*Exercise details:* Lines below starting with the line with "Hoch taillierte Glitzerhose mit geradem Bein" and going on through the line with "Nordic Glass Fruit" must be output exactly; the rest of the records must be left out.

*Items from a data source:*

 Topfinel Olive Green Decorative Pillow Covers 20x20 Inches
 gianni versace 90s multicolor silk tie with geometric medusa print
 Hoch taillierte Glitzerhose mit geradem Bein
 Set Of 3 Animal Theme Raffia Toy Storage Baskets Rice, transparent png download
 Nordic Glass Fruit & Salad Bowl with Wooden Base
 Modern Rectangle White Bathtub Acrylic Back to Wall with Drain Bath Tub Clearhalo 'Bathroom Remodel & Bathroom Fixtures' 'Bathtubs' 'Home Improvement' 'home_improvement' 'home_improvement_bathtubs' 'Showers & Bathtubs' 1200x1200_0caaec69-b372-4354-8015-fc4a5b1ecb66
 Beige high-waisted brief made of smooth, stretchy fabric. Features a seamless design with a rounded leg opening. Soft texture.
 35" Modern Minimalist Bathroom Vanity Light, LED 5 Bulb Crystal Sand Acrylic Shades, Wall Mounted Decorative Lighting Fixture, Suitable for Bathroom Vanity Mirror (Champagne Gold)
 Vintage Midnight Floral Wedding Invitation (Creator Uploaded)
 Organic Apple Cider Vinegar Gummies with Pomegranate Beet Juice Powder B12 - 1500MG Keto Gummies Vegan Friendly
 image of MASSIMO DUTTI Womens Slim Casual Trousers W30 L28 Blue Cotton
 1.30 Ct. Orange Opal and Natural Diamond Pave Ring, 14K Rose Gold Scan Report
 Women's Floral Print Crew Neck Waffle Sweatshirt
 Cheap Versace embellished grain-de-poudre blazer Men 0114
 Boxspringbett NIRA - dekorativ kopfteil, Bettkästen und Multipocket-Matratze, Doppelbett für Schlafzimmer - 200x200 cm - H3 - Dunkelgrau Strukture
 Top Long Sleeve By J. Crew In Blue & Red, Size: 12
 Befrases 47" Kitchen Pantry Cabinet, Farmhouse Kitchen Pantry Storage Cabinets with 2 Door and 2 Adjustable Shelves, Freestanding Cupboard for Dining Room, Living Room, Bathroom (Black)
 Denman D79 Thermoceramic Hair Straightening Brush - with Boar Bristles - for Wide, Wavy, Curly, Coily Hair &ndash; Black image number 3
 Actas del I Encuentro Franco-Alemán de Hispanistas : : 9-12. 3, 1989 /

*Exercise result:*
 Hoch taillierte Glitzerhose mit geradem Bein
 Set Of 3 Animal Theme Raffia Toy Storage Baskets Rice, transparent png download
 Nordic Glass Fruit & Salad Bowl with Wooden Base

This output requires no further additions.